It’s only a matter of time before this technology reaches the US election, if it hasn’t already. Foreign adversaries are well positioned to move first. China, Russia, Iran, and other countries already maintain networks of troll farms, bot accounts, and covert influence operators. Combined with open source language models that generate fluent and localized political content, these processes can be dramatically enhanced. In fact, there is no longer a need for human operators who understand language or context. Using a spotlight setting, a model can impersonate a neighborhood organizer, a union representative, or a disgruntled parent without anyone ever setting foot in the country. Political campaigns themselves are likely to lag behind.
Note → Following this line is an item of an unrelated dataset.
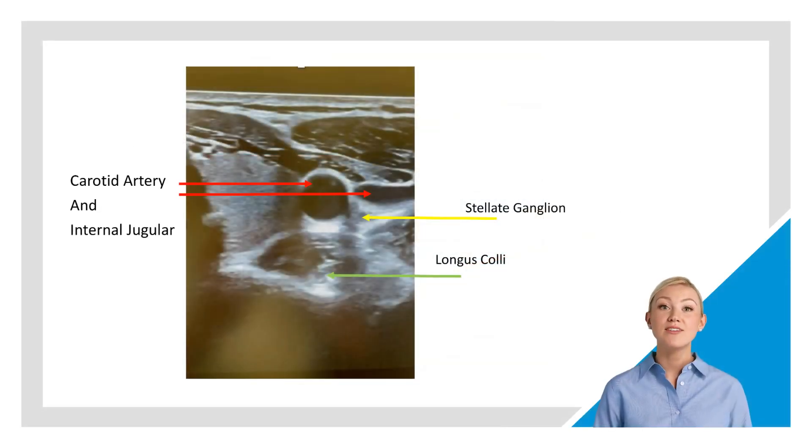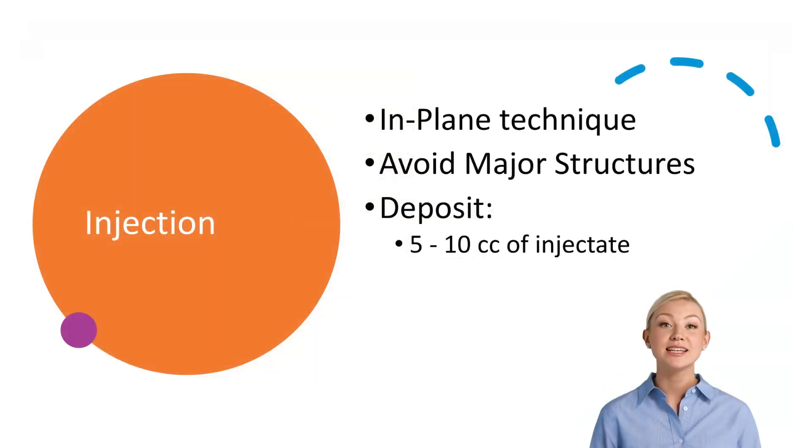Once we arrive at this view, we note the carotid artery and jugular vein anterior to the ganglion, as well as the longus coli posterior to the ganglion. Using the in-plane technique and avoiding major structures, deposit 5-10 cc of injectate to ensure spread to the level of C7.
Every major operation is already segmenting voters, testing messages, and improving delivery. AI reduces the cost of doing it all. Instead of testing a slogan in a poll, a campaign can generate hundreds of arguments, present them one-on-one, and monitor in real time which ones change opinions.
The basic truth is simple: persuasion has become effective and cheap. Campaigns, political action committees, foreign actors, advocacy groups, and opportunists are all playing on the same field, and there are very few rules.
Political vacuum
Most policymakers have not been able to catch up. Over the past several years, US lawmakers have focused on deepfakes, but ignored the broader persuasive threat.
Foreign governments have begun to take the problem more seriously. The EU Artificial Intelligence Act 2024 classifies election-related persuasion as a “high-risk” use case. Any system designed to influence voting behavior is now subject to strict requirements. Administrative tools, such as artificial intelligence systems used to plan campaign events or optimize logistics, are exempt. However, tools intended to shape political beliefs or voting decisions are not.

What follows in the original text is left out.